Beijing has vowed to retaliate if the US carries out its threat to raise tariffs on $200bn of Chinese exports from tomorrow.
Donald Trump signalled the escalation in their trade war last Sunday, announcing the charges were to go up from 10% to 25% as his administration accused China of reneging on promises made during peace talks.
Those negotiations are due to resume in Washington today, less than 24-hours before the tariffs are due to go up.
The talks will be attended by Vice Premier Liu He – signalling that relations have not entirely broken down.
President Trump’s threat was widely seen as holding a gun to Beijing’s head, with his trade team saying it had hoped to sign an agreement to end the trade war but for China tearing up its commitments.
The main area of disagreement is said to centre on the US allegations that China steals technology and pressures American companies into handing over trade secrets.
China’s Commerce Ministry said it would respond to any increase in tariffs but did not elaborate.
The deterioration in the negotiations has sparked renewed jitters on the prospect for peace in financial markets worldwide this week.
Stocks extended earlier losses in Asian trade after Mr Trump told a rally of supporters in Florida that China had “broke the deal” and would be paying for it.
The Shanghai Composite was more than 1% lower on Thursday – building on earlier losses in the week.
Hong Kong’s Hang Seng was down 1.6% while the Nikkei in Japan was 1.2% lower.
In London, the FTSE 100 was forecast by financial spreadbetters to open down 0.3%.
Jasper Lawler, head of research at London Capital Group, said: “Risk aversion continues to grip the market.

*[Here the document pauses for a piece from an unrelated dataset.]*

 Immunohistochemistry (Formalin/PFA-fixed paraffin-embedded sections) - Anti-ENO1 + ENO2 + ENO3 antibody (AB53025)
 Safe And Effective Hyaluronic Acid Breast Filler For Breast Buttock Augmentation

“Riskier assets such as equities are out of favour, whilst flows into the safe haven yen have pushed the currency towards a six-week high versus the dollar.”
He added: “Any indication that Chinese negotiators can convince President Trump to back down on the tariff hike threat, will lift stocks.

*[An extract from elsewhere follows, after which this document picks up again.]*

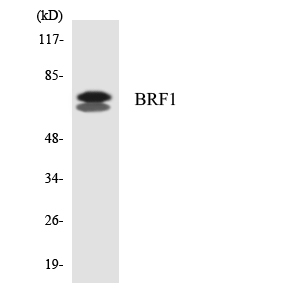 BRF1 Antibody - Western blot analysis of the lysates from HepG2 cells using BRF1 antibody.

“On the other hand, should Trump go ahead with the tariff increase we could expect equities to continue falling. Investors will need to price in the trade dispute as a much longer-term factor.”
The trade war between the world’s two largest economies has been blamed for curtailing global demand – and therefore growth.
Steve Cochrane, chief APAC economist at Moody’s Analytics in Singapore, wrote: “If Trump’s threat becomes reality, it will be a game changer for the global economy.
“This is the worst-case scenario we modelled last year that resulted in recession conditions in the United States, a rapid reduction of growth in China, and slower global trade.”